Exercise description: Set down the data again exactly. Pictures are not part of the copy.

(Records excerpted from a collection)

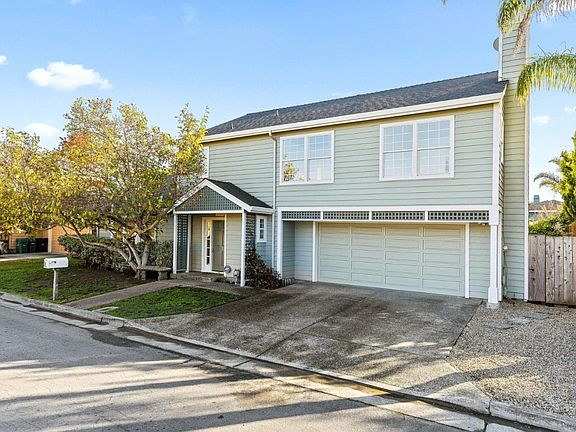 3rd image of 2235 Albert Ln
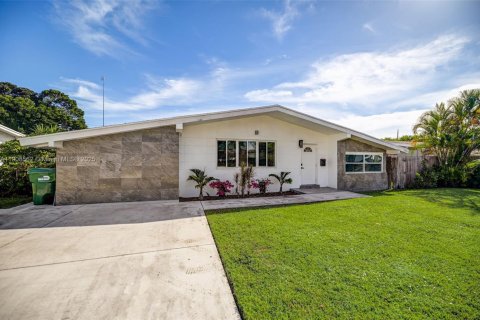 Casa en venta en Miami, Florida, 4 dormitorios № 1964173 - foto 4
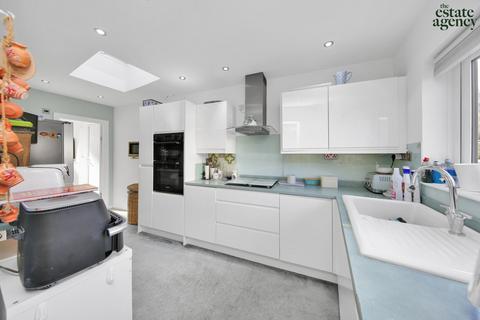 45 Mapleton Road, London, E4 6XJ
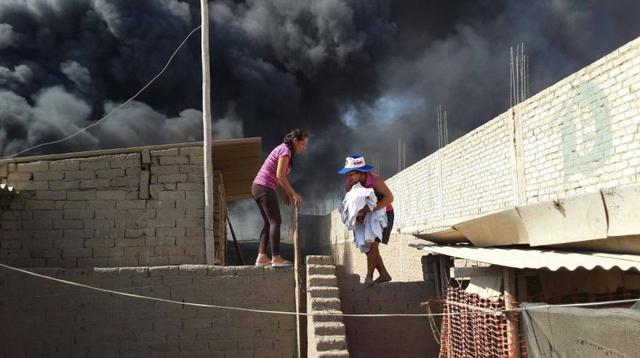 Chiclayo: incendio causado por pirotécnico destruyó 6 viviendas - 3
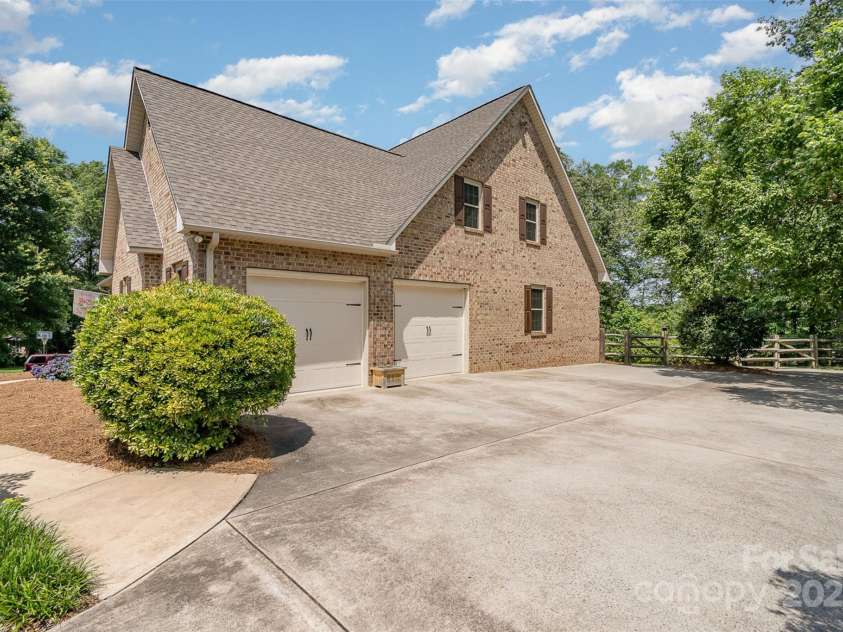 135 Oak Creek Drive, Rockwell, NC 28138.  MLS# CAR4269550, YatesRealty ID 26550. 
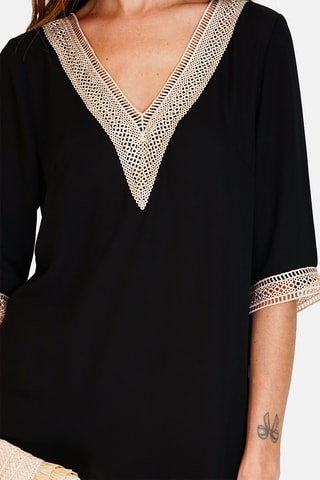 Vestido direito 
Preto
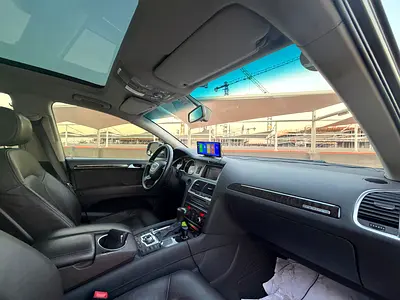 2015 AUDI Q7 — миниатюра 13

Response:
 3rd image of 2235 Albert Ln
 Casa en venta en Miami, Florida, 4 dormitorios № 1964173 - foto 4
 45 Mapleton Road, London, E4 6XJ
 Chiclayo: incendio causado por pirotécnico destruyó 6 viviendas - 3
 135 Oak Creek Drive, Rockwell, NC 28138.  MLS# CAR4269550, YatesRealty ID 26550. 
 Vestido direito 
Preto
 2015 AUDI Q7 — миниатюра 13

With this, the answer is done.